++++ Record excerpts ++++

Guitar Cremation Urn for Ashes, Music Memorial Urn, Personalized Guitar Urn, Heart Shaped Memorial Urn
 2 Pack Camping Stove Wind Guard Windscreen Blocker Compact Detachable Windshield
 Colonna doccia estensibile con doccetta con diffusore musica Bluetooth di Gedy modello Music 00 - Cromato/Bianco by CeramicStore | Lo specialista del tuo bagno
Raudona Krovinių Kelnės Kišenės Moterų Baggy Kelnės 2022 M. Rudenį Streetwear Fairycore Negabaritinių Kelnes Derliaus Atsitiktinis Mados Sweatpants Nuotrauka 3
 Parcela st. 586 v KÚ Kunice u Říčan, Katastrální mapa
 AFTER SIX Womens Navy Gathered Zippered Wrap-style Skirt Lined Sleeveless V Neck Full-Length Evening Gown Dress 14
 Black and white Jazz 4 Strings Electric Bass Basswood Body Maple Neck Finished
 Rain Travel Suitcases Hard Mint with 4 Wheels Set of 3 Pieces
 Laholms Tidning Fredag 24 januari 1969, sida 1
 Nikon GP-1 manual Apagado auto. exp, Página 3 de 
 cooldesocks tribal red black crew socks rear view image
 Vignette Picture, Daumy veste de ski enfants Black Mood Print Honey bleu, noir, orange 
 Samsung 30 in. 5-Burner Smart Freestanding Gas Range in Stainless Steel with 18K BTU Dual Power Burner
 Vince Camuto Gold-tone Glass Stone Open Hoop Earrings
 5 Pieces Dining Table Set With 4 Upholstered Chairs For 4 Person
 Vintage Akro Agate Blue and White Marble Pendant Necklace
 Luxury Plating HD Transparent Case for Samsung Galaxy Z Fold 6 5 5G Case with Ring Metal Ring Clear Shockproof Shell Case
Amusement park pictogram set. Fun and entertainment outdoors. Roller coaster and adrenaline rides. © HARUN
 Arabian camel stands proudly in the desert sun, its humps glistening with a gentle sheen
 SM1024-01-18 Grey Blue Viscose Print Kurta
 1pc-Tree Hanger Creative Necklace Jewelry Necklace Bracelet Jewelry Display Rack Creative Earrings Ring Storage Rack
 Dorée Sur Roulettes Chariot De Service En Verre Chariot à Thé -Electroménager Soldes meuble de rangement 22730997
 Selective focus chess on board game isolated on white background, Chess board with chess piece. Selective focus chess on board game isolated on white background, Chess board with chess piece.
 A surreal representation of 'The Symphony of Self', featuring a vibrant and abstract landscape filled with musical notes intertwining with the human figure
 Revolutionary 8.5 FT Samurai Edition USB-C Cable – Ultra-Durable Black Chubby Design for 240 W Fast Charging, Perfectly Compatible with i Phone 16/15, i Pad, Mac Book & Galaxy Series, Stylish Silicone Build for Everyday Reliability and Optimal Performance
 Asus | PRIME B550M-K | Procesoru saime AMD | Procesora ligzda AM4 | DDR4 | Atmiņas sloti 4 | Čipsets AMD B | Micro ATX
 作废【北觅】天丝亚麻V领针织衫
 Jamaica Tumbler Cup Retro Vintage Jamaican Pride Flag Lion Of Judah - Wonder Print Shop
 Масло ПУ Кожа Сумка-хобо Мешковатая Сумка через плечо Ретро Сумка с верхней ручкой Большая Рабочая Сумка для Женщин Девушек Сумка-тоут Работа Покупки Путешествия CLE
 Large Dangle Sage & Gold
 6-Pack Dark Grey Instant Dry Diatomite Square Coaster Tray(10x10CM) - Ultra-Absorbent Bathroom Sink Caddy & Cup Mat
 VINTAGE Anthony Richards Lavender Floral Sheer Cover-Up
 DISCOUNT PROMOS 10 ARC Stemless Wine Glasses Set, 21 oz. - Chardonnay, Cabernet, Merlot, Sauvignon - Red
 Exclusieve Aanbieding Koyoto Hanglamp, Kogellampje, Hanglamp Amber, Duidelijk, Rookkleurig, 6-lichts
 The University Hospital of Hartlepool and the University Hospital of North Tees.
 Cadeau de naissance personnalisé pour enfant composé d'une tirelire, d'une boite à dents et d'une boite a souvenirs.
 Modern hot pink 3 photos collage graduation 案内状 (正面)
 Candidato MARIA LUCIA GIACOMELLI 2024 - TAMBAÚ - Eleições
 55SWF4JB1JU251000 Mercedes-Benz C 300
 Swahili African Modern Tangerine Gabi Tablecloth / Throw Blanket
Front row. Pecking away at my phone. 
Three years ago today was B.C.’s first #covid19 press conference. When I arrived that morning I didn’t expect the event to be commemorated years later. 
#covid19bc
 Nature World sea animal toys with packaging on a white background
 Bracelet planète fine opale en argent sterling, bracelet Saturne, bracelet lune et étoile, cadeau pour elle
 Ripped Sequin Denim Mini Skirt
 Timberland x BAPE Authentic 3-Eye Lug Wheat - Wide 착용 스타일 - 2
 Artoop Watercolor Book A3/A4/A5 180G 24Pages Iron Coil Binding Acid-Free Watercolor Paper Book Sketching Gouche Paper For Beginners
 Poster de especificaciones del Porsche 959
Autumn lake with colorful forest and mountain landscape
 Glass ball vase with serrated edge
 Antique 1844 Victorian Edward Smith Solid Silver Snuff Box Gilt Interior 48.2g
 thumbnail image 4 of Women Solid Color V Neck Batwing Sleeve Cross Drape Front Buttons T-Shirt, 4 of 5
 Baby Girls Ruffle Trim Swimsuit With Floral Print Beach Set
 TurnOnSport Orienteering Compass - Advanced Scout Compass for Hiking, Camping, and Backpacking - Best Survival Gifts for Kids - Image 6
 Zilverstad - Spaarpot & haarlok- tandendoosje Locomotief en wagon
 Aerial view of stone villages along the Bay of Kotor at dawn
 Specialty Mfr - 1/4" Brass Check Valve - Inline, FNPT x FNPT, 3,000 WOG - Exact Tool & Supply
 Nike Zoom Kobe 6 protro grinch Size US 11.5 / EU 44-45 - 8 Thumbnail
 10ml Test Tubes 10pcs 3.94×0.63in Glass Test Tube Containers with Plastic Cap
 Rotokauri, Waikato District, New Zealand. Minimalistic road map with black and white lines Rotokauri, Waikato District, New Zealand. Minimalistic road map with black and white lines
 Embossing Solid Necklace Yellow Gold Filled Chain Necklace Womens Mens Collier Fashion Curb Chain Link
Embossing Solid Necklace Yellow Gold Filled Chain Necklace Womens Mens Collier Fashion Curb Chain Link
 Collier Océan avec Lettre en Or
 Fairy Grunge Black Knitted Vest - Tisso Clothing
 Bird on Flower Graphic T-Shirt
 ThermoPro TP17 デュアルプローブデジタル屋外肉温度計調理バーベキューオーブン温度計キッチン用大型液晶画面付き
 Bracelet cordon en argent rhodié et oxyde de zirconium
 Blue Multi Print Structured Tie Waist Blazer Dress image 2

++++

■ Exercise:
Repeat the data exactly. Leave nothing out.

■ Final answer:
Guitar Cremation Urn for Ashes, Music Memorial Urn, Personalized Guitar Urn, Heart Shaped Memorial Urn
 2 Pack Camping Stove Wind Guard Windscreen Blocker Compact Detachable Windshield
 Colonna doccia estensibile con doccetta con diffusore musica Bluetooth di Gedy modello Music 00 - Cromato/Bianco by CeramicStore | Lo specialista del tuo bagno
Raudona Krovinių Kelnės Kišenės Moterų Baggy Kelnės 2022 M. Rudenį Streetwear Fairycore Negabaritinių Kelnes Derliaus Atsitiktinis Mados Sweatpants Nuotrauka 3
 Parcela st. 586 v KÚ Kunice u Říčan, Katastrální mapa
 AFTER SIX Womens Navy Gathered Zippered Wrap-style Skirt Lined Sleeveless V Neck Full-Length Evening Gown Dress 14
 Black and white Jazz 4 Strings Electric Bass Basswood Body Maple Neck Finished
 Rain Travel Suitcases Hard Mint with 4 Wheels Set of 3 Pieces
 Laholms Tidning Fredag 24 januari 1969, sida 1
 Nikon GP-1 manual Apagado auto. exp, Página 3 de 
 cooldesocks tribal red black crew socks rear view image
 Vignette Picture, Daumy veste de ski enfants Black Mood Print Honey bleu, noir, orange 
 Samsung 30 in. 5-Burner Smart Freestanding Gas Range in Stainless Steel with 18K BTU Dual Power Burner
 Vince Camuto Gold-tone Glass Stone Open Hoop Earrings
 5 Pieces Dining Table Set With 4 Upholstered Chairs For 4 Person
 Vintage Akro Agate Blue and White Marble Pendant Necklace
 Luxury Plating HD Transparent Case for Samsung Galaxy Z Fold 6 5 5G Case with Ring Metal Ring Clear Shockproof Shell Case
Amusement park pictogram set. Fun and entertainment outdoors. Roller coaster and adrenaline rides. © HARUN
 Arabian camel stands proudly in the desert sun, its humps glistening with a gentle sheen
 SM1024-01-18 Grey Blue Viscose Print Kurta
 1pc-Tree Hanger Creative Necklace Jewelry Necklace Bracelet Jewelry Display Rack Creative Earrings Ring Storage Rack
 Dorée Sur Roulettes Chariot De Service En Verre Chariot à Thé -Electroménager Soldes meuble de rangement 22730997
 Selective focus chess on board game isolated on white background, Chess board with chess piece. Selective focus chess on board game isolated on white background, Chess board with chess piece.
 A surreal representation of 'The Symphony of Self', featuring a vibrant and abstract landscape filled with musical notes intertwining with the human figure
 Revolutionary 8.5 FT Samurai Edition USB-C Cable – Ultra-Durable Black Chubby Design for 240 W Fast Charging, Perfectly Compatible with i Phone 16/15, i Pad, Mac Book & Galaxy Series, Stylish Silicone Build for Everyday Reliability and Optimal Performance
 Asus | PRIME B550M-K | Procesoru saime AMD | Procesora ligzda AM4 | DDR4 | Atmiņas sloti 4 | Čipsets AMD B | Micro ATX
 作废【北觅】天丝亚麻V领针织衫
 Jamaica Tumbler Cup Retro Vintage Jamaican Pride Flag Lion Of Judah - Wonder Print Shop
 Масло ПУ Кожа Сумка-хобо Мешковатая Сумка через плечо Ретро Сумка с верхней ручкой Большая Рабочая Сумка для Женщин Девушек Сумка-тоут Работа Покупки Путешествия CLE
 Large Dangle Sage & Gold
 6-Pack Dark Grey Instant Dry Diatomite Square Coaster Tray(10x10CM) - Ultra-Absorbent Bathroom Sink Caddy & Cup Mat
 VINTAGE Anthony Richards Lavender Floral Sheer Cover-Up
 DISCOUNT PROMOS 10 ARC Stemless Wine Glasses Set, 21 oz. - Chardonnay, Cabernet, Merlot, Sauvignon - Red
 Exclusieve Aanbieding Koyoto Hanglamp, Kogellampje, Hanglamp Amber, Duidelijk, Rookkleurig, 6-lichts
 The University Hospital of Hartlepool and the University Hospital of North Tees.
 Cadeau de naissance personnalisé pour enfant composé d'une tirelire, d'une boite à dents et d'une boite a souvenirs.
 Modern hot pink 3 photos collage graduation 案内状 (正面)
 Candidato MARIA LUCIA GIACOMELLI 2024 - TAMBAÚ - Eleições
 55SWF4JB1JU251000 Mercedes-Benz C 300
 Swahili African Modern Tangerine Gabi Tablecloth / Throw Blanket
Front row. Pecking away at my phone. 
Three years ago today was B.C.’s first #covid19 press conference. When I arrived that morning I didn’t expect the event to be commemorated years later. 
#covid19bc
 Nature World sea animal toys with packaging on a white background
 Bracelet planète fine opale en argent sterling, bracelet Saturne, bracelet lune et étoile, cadeau pour elle
 Ripped Sequin Denim Mini Skirt
 Timberland x BAPE Authentic 3-Eye Lug Wheat - Wide 착용 스타일 - 2
 Artoop Watercolor Book A3/A4/A5 180G 24Pages Iron Coil Binding Acid-Free Watercolor Paper Book Sketching Gouche Paper For Beginners
 Poster de especificaciones del Porsche 959
Autumn lake with colorful forest and mountain landscape
 Glass ball vase with serrated edge
 Antique 1844 Victorian Edward Smith Solid Silver Snuff Box Gilt Interior 48.2g
 thumbnail image 4 of Women Solid Color V Neck Batwing Sleeve Cross Drape Front Buttons T-Shirt, 4 of 5
 Baby Girls Ruffle Trim Swimsuit With Floral Print Beach Set
 TurnOnSport Orienteering Compass - Advanced Scout Compass for Hiking, Camping, and Backpacking - Best Survival Gifts for Kids - Image 6
 Zilverstad - Spaarpot & haarlok- tandendoosje Locomotief en wagon
 Aerial view of stone villages along the Bay of Kotor at dawn
 Specialty Mfr - 1/4" Brass Check Valve - Inline, FNPT x FNPT, 3,000 WOG - Exact Tool & Supply
 Nike Zoom Kobe 6 protro grinch Size US 11.5 / EU 44-45 - 8 Thumbnail
 10ml Test Tubes 10pcs 3.94×0.63in Glass Test Tube Containers with Plastic Cap
 Rotokauri, Waikato District, New Zealand. Minimalistic road map with black and white lines Rotokauri, Waikato District, New Zealand. Minimalistic road map with black and white lines
 Embossing Solid Necklace Yellow Gold Filled Chain Necklace Womens Mens Collier Fashion Curb Chain Link
Embossing Solid Necklace Yellow Gold Filled Chain Necklace Womens Mens Collier Fashion Curb Chain Link
 Collier Océan avec Lettre en Or
 Fairy Grunge Black Knitted Vest - Tisso Clothing
 Bird on Flower Graphic T-Shirt
 ThermoPro TP17 デュアルプローブデジタル屋外肉温度計調理バーベキューオーブン温度計キッチン用大型液晶画面付き
 Bracelet cordon en argent rhodié et oxyde de zirconium
 Blue Multi Print Structured Tie Waist Blazer Dress image 2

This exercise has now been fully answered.